Le 17 avril 1975, Phnom Penh tombait aux mains des Khmers rouges. Cette date marqua le début d’un régime de terreur qui fit près de deux millions de morts.


Le 17 avril 1975, Phnom Penh tombait aux mains des Khmers rouges, marquant le début d’un régime qui plongea le Cambodge dans l’un des chapitres les plus sombres de son histoire.

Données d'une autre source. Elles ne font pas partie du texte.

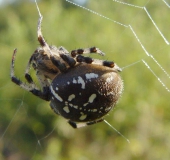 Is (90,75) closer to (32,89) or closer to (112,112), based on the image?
(32,89)

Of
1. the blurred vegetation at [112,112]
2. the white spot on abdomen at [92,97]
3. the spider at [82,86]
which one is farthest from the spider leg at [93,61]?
the blurred vegetation at [112,112]

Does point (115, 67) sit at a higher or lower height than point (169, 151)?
higher

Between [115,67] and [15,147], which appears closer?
[115,67]

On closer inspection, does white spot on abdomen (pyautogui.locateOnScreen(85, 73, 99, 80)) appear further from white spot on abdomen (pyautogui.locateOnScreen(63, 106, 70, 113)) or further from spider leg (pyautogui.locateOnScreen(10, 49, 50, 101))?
spider leg (pyautogui.locateOnScreen(10, 49, 50, 101))

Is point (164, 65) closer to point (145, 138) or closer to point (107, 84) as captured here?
point (145, 138)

La prise de la capitale ne fut pas un coup de tonnerre dans un ciel serein : elle couronna cinq années de guerre civile, opposant la République khmère dirigée par le général Lon Nol, promu à la tête de l'État, aux forces communistes du Kampuchéa démocratique, soutenues par le Nord-Viêt Nam.

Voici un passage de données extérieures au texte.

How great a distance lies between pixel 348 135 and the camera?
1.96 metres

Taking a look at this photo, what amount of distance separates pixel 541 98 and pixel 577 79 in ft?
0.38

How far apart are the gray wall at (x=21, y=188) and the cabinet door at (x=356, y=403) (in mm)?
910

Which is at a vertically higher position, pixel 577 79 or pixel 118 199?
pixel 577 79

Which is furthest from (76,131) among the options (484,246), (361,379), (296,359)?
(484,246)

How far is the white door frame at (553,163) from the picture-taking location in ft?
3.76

Depuis le renversement du prince Norodom Sihanouk en mars 1970 par Lon Nol, les campagnes cambodgiennes s’étaient progressivement rangées du côté des Khmers rouges, notamment en raison de l’extrême brutalité des bombardements américains dans l’est du pays, de la corruption du nouveau régime et du soutien de Sihanouk aux Khmers rouges. Plus de 500 000 tonnes de bombes furent larguées par les États-Unis sur le Cambodge entre 1969 et 1973, causant des milliers de morts et poussant des centaines de milliers de personnes à fuir vers la capitale.
Au début de 1975, Phnom Penh était une ville assiégée, encerclée par les forces révolutionnaires, en pénurie de nourriture, d’eau potable, de médicaments et de carburant.
Le 17 avril 1975, Phnom Penh tomba sans combat
Le matin du 17 avril, les colonnes khmères rouges pénétrèrent dans la capitale sans rencontrer de véritable résistance. Le gouvernement de Lon Nol s’était effondré, ses principaux responsables ayant fui le pays dans les jours précédents. Les troupes révolutionnaires, composées notamment d’adolescents silencieux, furent d’abord accueillies avec espoir par une population fatiguée par cinq années de guerre.
Mais dès le lendemain, les Khmers rouges ordonnèrent l’évacuation complète de Phnom Penh. Les habitants furent sommés de quitter leurs maisons sous prétexte d’un risque de bombardement américain imminent. L’ordre toucha indistinctement les malades, les enfants, les vieillards, les moines… Tous durent marcher vers la campagne, dans une confusion extrême.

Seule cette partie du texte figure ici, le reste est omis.